Existe uma extensa comunidade portuguesa na Venezuela, a maioria de segunda e terceira geração, que muito contribuiu para o desenvolvimento do país. Desde que a situação económica e social se começou a degradar, com sucessivos assaltos e ataques a estabelecimentos geridos por portugueses, que as autoridades nacionais adotaram uma atenção cuidada mas ponderada face às relações diplomáticas e à preocupação com os membros da comunidade portuguesa que ali resiste.

A situação política dá contudo sinais de crescente degradação. A vitória da oposição nas eleições legislativas em 2015 mereceu o desprezo democrático do regime, que reagiu com uma assembleia constituinte fantasma para se lhe contrapor. E quando a oposição invocou fraude eleitoral na reeleição de Maduro, e a esmagadora maioria da comunidade internacional o assumiu, o poder instalado aumentou a repressão sobre políticos e vociferou contra todos.
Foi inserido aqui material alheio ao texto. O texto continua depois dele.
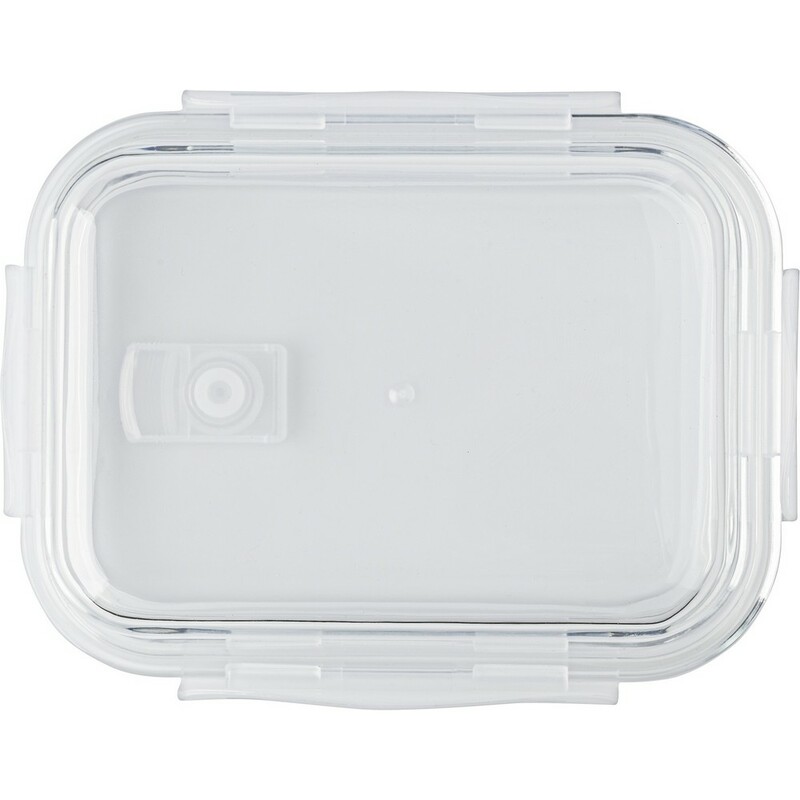 Lunch box KOUBIAK - AX0287-4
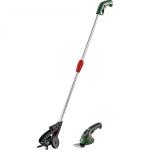 Bosch ISIO 3 Cordless Telescopic Grass Shear
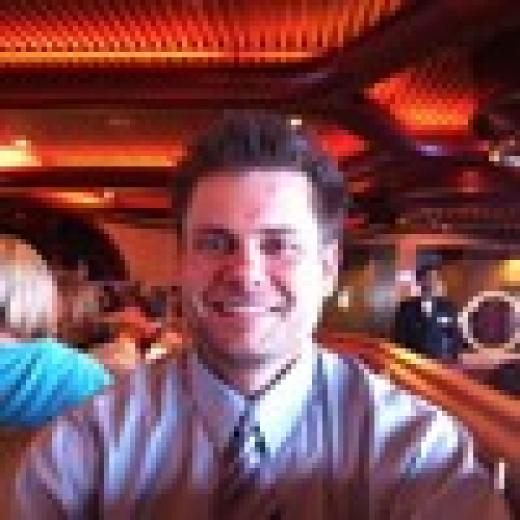 Profile photo of Tim A Ernst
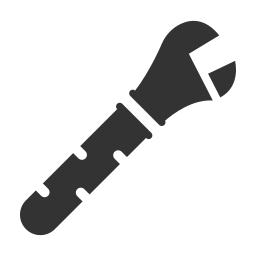 Wrench icon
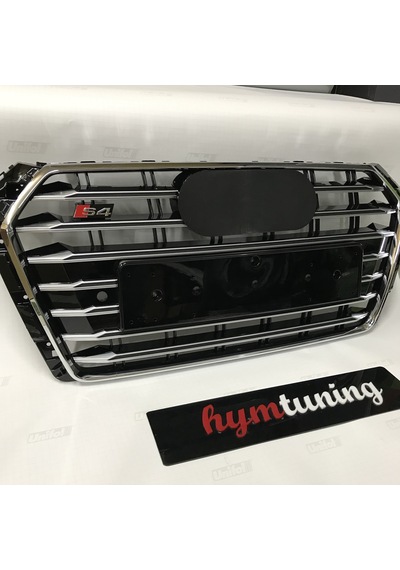 Audi A4 Panjur S4 Panjur B9 2017-20 Uyumlu Hymtuning... N11.54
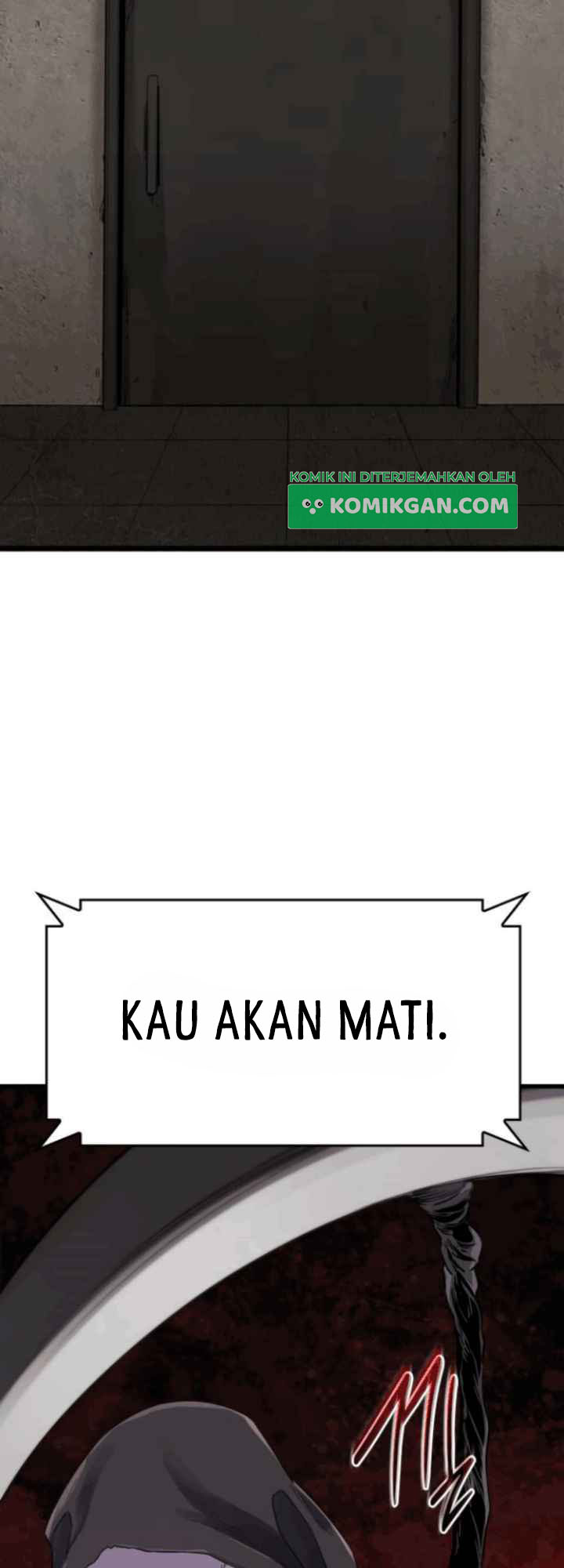 Closed Room Mafia Chapter 01 Gambar 73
O posicionamento estratégico da Venezuela é vital para a estabilidade da América Latina. Em comunhão de interesses com os países vizinhos, como a Colômbia e o Equador, se constroem as áreas de influência por todo o continente. Por isso releva a construção de um espaço de democracia e de regresso à estabilidade social e económica.

O recente episódio em que Portugal se viu envolvido é apenas mais um episódio caricato da fraqueza do poder. A encenação sobre Juan Guaidó, pressionando todos os que o rodeiam e sancionando a TAP porque alegadamente esta teria permitido o transporte de explosivos, assume um quadro de caricatura de Estado, gravemente praticado pelo presidente da Assembleia Constituinte.

A alegação de que Portugal se assume como um país imperialista cai por natureza, mas permite avaliar a forma como os responsáveis venezuelanos usam argumentos para criar fatores de diversão e confusão para condicionar as relações entre Estados. Portugal tem assumido uma posição firme na relação recente com a Venezuela, exigindo a par da maioria dos estados europeus que a democracia seja reposta.

Quem usa argumentos do século XVIII tem uma capacidade política retrógrada própria de um passado de grilhetas e obscurantismo. Perante a atitude deste responsável, a posição do Governo português deve ser de intransigência e firmeza. Firme perante o disparate e intransigente na defesa da comunidade portuguesa e do regresso à democracia.